This chapter provides a comprehensive guide to implementing secure, scalable, and real-time streaming with the Model Context Protocol (MCP) using HTTPS. It covers the motivation for streaming, the available transport mechanisms, how to implement streamable HTTP in MCP, security best practices, migration from SSE, and practical guidance for building your own streaming MCP applications.
This section explores the different transport mechanisms available in MCP and their role in enabling streaming capabilities for real-time communication between clients and servers.
A transport mechanism defines how data is exchanged between the client and server. MCP supports multiple transport types to suit different environments and requirements:
- stdio: Standard input/output, suitable for local and CLI-based tools. Simple but not suitable for web or cloud.

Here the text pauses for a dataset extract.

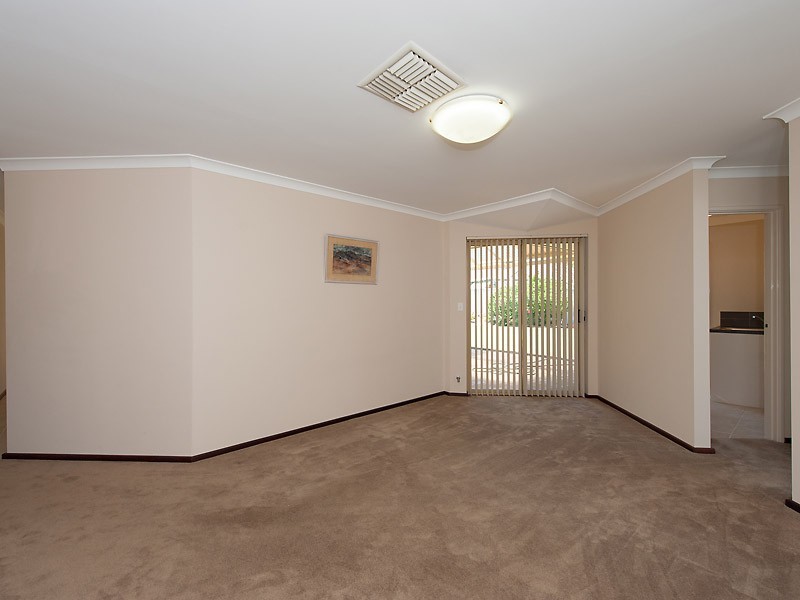 60 Crossland Way, Kardinya WA 6163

- SSE (Server-Sent Events): Allows servers to push real-time updates to clients over HTTP. Good for web UIs, but limited in scalability and flexibility.

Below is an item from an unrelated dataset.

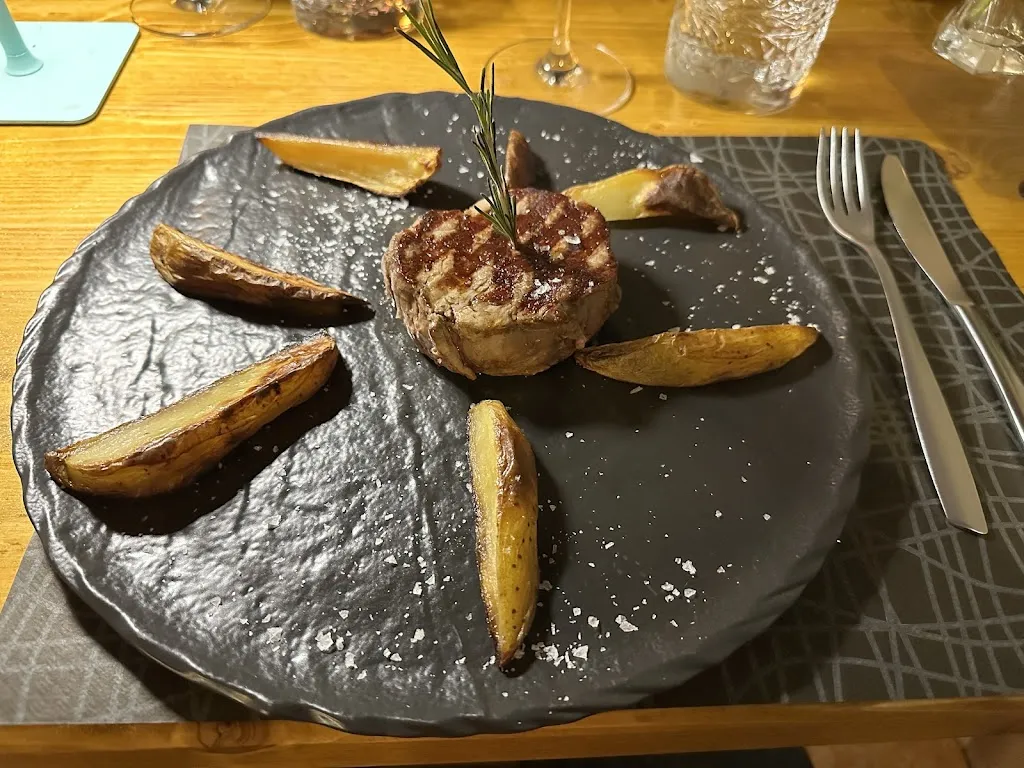 Valeriu Sinelnicov_Ristorante - Vineria Bistrot sotto il portico_Verdellino_review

- Streamable HTTP: Modern HTTP-based streaming transport, supporting notifications and better scalability. Recommended for most production and cloud scenarios.
Have a look at the comparison table below to understand the differences between these transport mechanisms:
| Transport | Real-time Updates | Streaming | Scalability | Use Case |
|---|---|---|---|---|
| stdio | No | No | Low | Local CLI tools |
| SSE | Yes | Yes | Medium | Web, real-time updates |
| Streamable HTTP | Yes | Yes | High | Cloud, multi-client |
Tip: Choosing the right transport impacts performance, scalability, and user experience. Streamable HTTP is recommended for modern, scalable, and cloud-ready applications.
Note the transports stdio and SSE that you were shown in the previous chapters and how streamable HTTP is the transport covered in this chapter.
Understanding the fundamental concepts and motivations behind streaming is essential for implementing effective real-time communication systems.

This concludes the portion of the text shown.